State initialization class to dynamically adapt predator mass.

This is essentially an auto-curriculum: When the subject does well (evades the predators for a long time before being caught), the predators' masses are decreased, thereby increasing the predators' speeds. Conversely, when the subject does poorly (gets caught quickly), the predators' masses are increased, thereby decreasing the predators' speeds.

Constructor.

This class uses the meta-state to keep track of the number of steps before the agent is caught. See the game rules section near the bottom of this file for the counter incrementer.

Args

step_scaling_factor: Float. Fractional decrease of predator mass after a trial longer than threshold_trial_len. Also used as fractional increase of predator mass after a trial shorter than threshold_trial_len. Should be small and positive.
threshold_trial_len: Length of a trial above which the predator mass is decreased and below which the predator mass is increased.

Methods

def meta_state_initializer(self)

Expand source code

def meta_state_initializer(self):
    """Meta-state initializer method to be fed to environment."""
    self._meta_state = {'step_count': 0}
    return self._meta_state

Meta-state initializer method to be fed to environment.

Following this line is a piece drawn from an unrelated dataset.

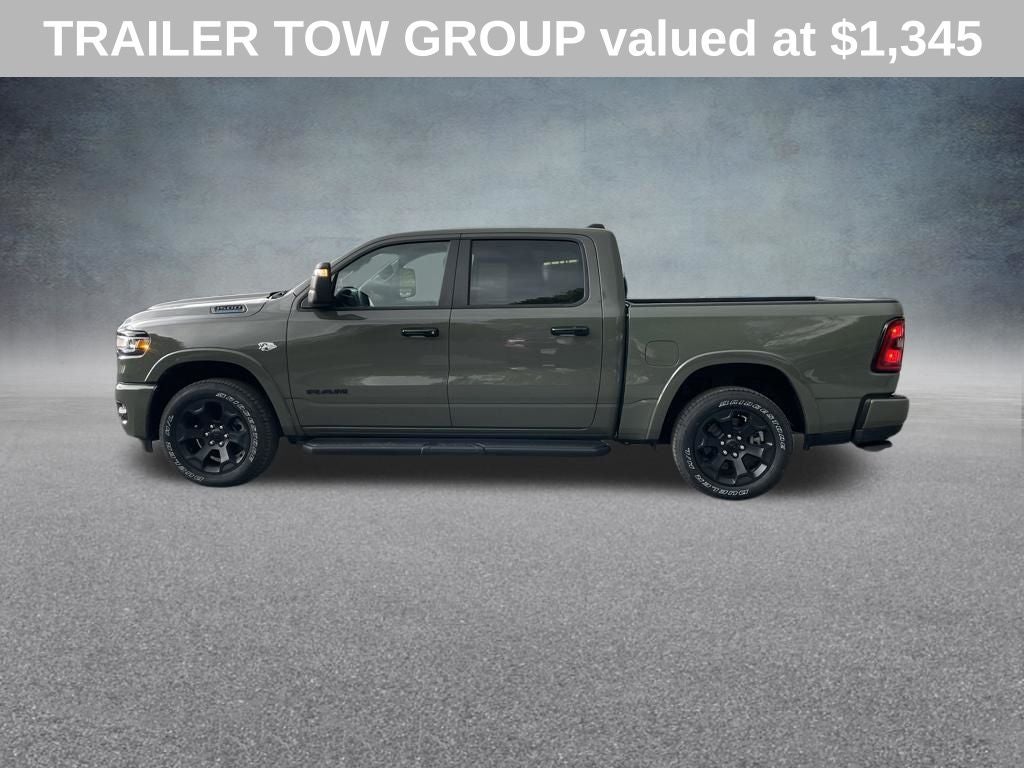 2026 RAM 1500 Big Horn/Lone Star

def state_initializer(self)

Expand source code

def state_initializer(self):
    """State initializer method to be fed to environment."""
    agent = self._agent_generator(without_overlapping=self._walls)
    predators = self._predator_generator(
        without_overlapping=self._walls + agent)

    if self._meta_state is not None:
        if self._meta_state['step_count'] > self._threshold_trial_len:
            self._mass -= self._mass * self._step_scaling_factor
        else:
            self._mass += self._mass * self._step_scaling_factor
    for s in predators:
        s.mass = self._mass
    
    state = collections.OrderedDict([
        ('walls', self._walls),
        ('agent', agent),
        ('predators', predators),
    ])
    return state

State initializer method to be fed to environment.